Diese Aussagen beanspruchen auch für yezidische Religionsangehörige wie den Kläger Geltung. Denn eine staatliche politische Verfolgung von nichtmoslemischen Minderheiten findet im Irak derzeit nicht statt (vgl. Lagebericht des Auswärtigen Amtes Stand: Oktober 2004; Auskunft an das OVG Greifswald vom 15.10.2003; DOI an VG Regensburg vom 27.10.2003; VGH München, Beschluss vom 25.3.2004 -13a B 03.30956-, betr. Yeziden; OVG Greifswald, Beschluss vom 7.5.2004 -2 L 336/02-, betr. religiöse Minderheiten allgemein; VG Freiburg, Urteil vom 12.05.2004 -7 K 11940/02, betr. Yeziden). Das Gericht hat derzeit keine Veranlassung von dieser Einschätzung abzuweichen. Soweit sich das VG Köln veranlasst gesehen hat, zu der Frage einer etwaigen politisch motivierten Verfolgung der Yeziden im Irak Beweis zu erheben (Az.: 18 K 8648/01.A) vermag das erkennende Gericht hierfür keine hinreichende Tatsachengrundlage zu erkennen.

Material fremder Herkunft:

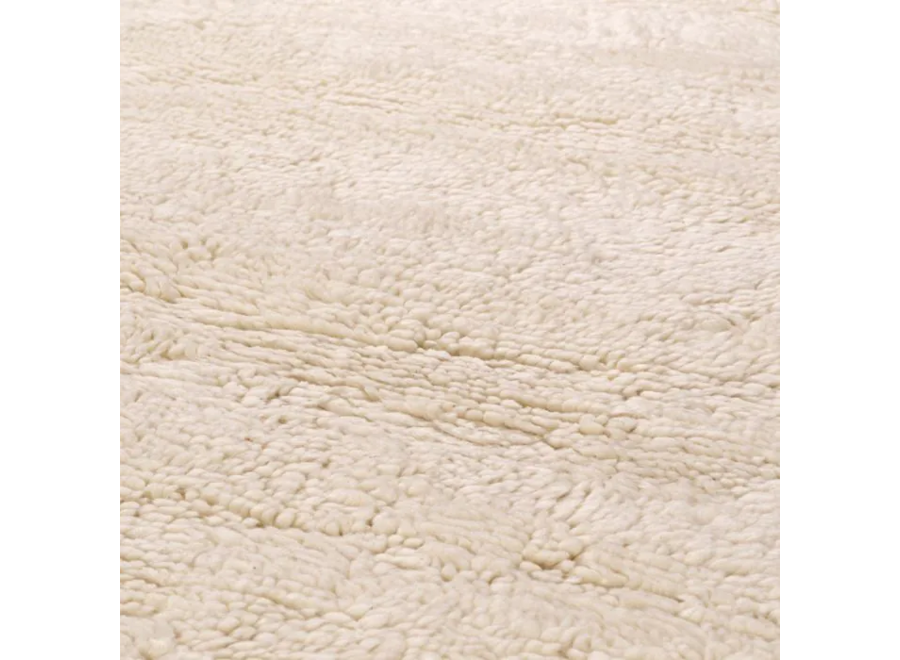 Sample 60 x 60 cm Carpet: 'Oscar' - White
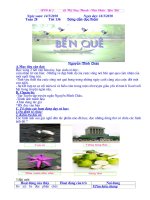 NV9(có ảnh minh hoạ)Tuần 28,29 Thanh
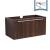 Fresca FCB8090GW Vista 36" Walnut Modern Bathroom Cabinet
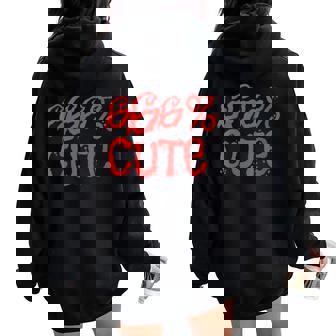 666 Cute Pagan Satanic Athée Anti Church Punk Goth Satan Sweat à capuche oversize pour femme avec imprimé dans le dos - Cadeauxyz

Eine Erweiterung hat der Flüchtlingsschutz durch § 60 Abs. 1 AufenthG u.a. jedoch insoweit erfahren, als er auch durch eine Verfolgung seitens nichtstaatlicher Organisationen begründet werden kann. Insoweit dürfen die auch vom Kläger beschriebenen vereinzelten Übergriffe gegen Yeziden allein wegen ihrer Religionszugehörigkeit, die von radikalen Islamisten ausgehen, nicht von vornherein aus der rechtlichen Betrachtung ausgeblendet werden.

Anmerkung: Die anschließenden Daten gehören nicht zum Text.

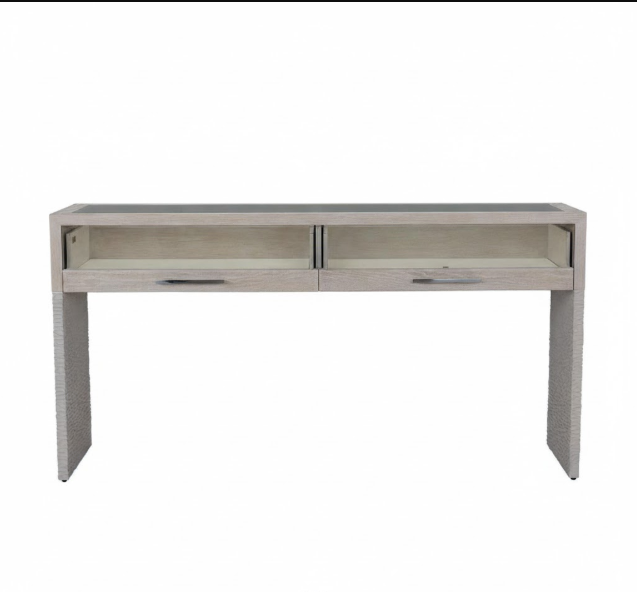John Richard Galicia Two-Drawer Lighted Console Table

Über die Erweiterung der Verfolgungssubjekte hinaus, hat der Gesetzgeber des Aufenthaltsgesetzes jedoch mit der Neuregelung in § 60 Abs. 1 AufenthG - abgesehen von der hier nicht einschlägigen geschlechtsspezifischen Verfolgung - keine weitere Änderung der Voraussetzungen für die Feststellung der Flüchtlingseigenschaft herbeiführen wollen. Die Kammer legt daher bei der Auslegung des § 60 Abs. 1 AufenthG im Hinblick auf die hier inmitten stehende Frage, ob der Kläger allein wegen seiner Zugehörigkeit zur yezidischen Religionsgemeinschaft einer (nichtstaatlichen) politischen Verfolgung ausgesetzt ist, die zu ( Art. 16 a Abs. 1 GG und § 51 Abs. 1 AuslG a.F.) ergangene Rechtsprechung zu den Voraussetzungen einer Verfolgung wegen der Zugehörigkeit zu einer bestimmten Bevölkerungsgruppe zugrunde.

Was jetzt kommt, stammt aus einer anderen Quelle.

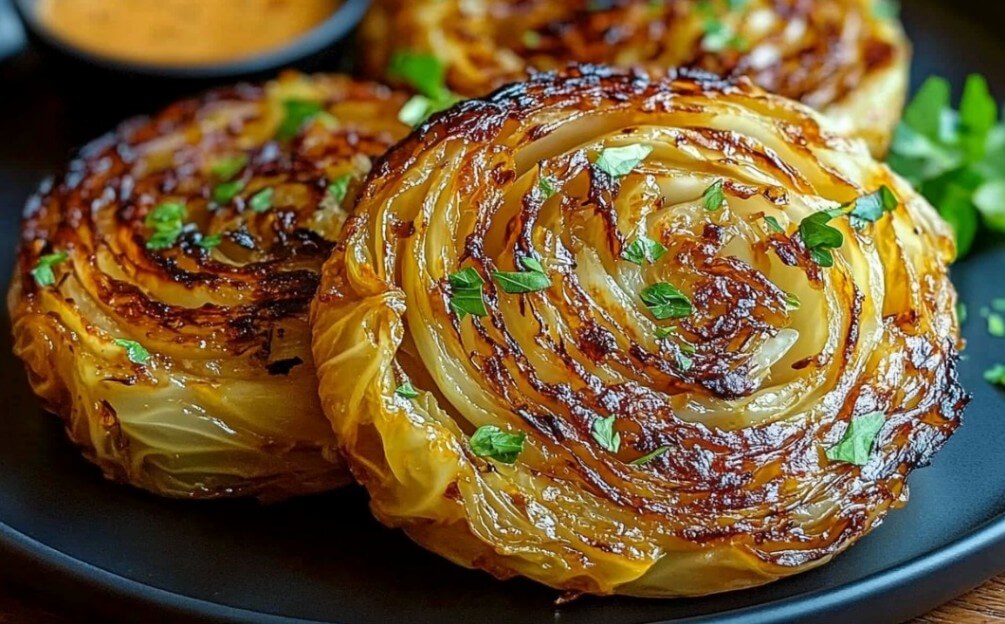 Mediterranean Crispy Roasted Cabbage Steaks 1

Die Bevölkerungszahl des Irak wird von irakischer Seite mit ca. 23 Millionen angegeben (www. auswaertiges-amt.de/www/de/laenderinfos). Der yezidische Bevölkerungsanteil beläuft sich auf 0,75 bis 2 % der Bevölkerung (vgl. Lagebericht des Auswärtigen Amtes Stand: Oktober 2004; Kurdische Studien, Seite 1). Legt man zugunsten des Klägers den geringsten angenommenen Bevölkerungsanteil von 0,75 % zugrunde, ergibt sich eine Bevölkerungszahl von 172.500. Gemessen an der Größe dieser Bevölkerungszahl sind die in den Kurdischen Studien dargestellten Übergriffe von Bedrohung, Einschüchterung, Anschlägen bis hin zu Mord von bzw. an yezidischen Religionszugehörigen zahlenmäßig so gering, dass nicht davon gesprochen werden kann, dass jeder Angehörige dieser Gruppe aktuell und konkret mit einer Gefährdung seiner Person zu rechnen hat. Dabei geht die Kammer trotz der in den Kurdischen Studien auf Seiten 12 und 18 genannten Unsicherheit, ob alle Übergriffe allein an die Religionszugehörigkeit anknüpfen, zugunsten des Klägers davon aus, dass dem so ist. Referiert werden in den Kurdischen Studien neun Morde, ca. zehn Anschläge, ca. weniger als 100 konkrete und einige durch Flugblätter verbreitete allgemeine Morddrohungen. An einer mittelbaren Gruppenverfolgung kann in Anbetracht dessen - noch - nicht ausgegangen werden. Vielmehr treffen diese Übergriffe die Yeziden ebenso wie die Angehörigen anderer religiöser Minderheiten oder Moslems unterschiedlicher Glaubensausrichtung eher zufällig.

Schließlich liegen die Voraussetzungen für die Feststellung eines Abschiebungshindernisses nach § 60 Abs. 7 AufenthG nicht vor.

Soweit nahezu im gesamten Irak noch eine mehr oder weniger instabile Sicherheitslage (S. 8 ff. d. Lageberichte des Auswärtigen Amtes v. 6. November 2003) festzustellen ist, insbesondere mit der Gefahr terroristischer Anschläge zu rechnen ist, sind dadurch bedingte Gefahren nur allgemeiner Natur.

Nach den vorliegenden Erkenntnisquellen kann auch im Hinblick auf die Versorgungslage im Irak nicht von einer (extremen) existenziellen Gefährdung einzelner Rückkehrer ausgegangen werden.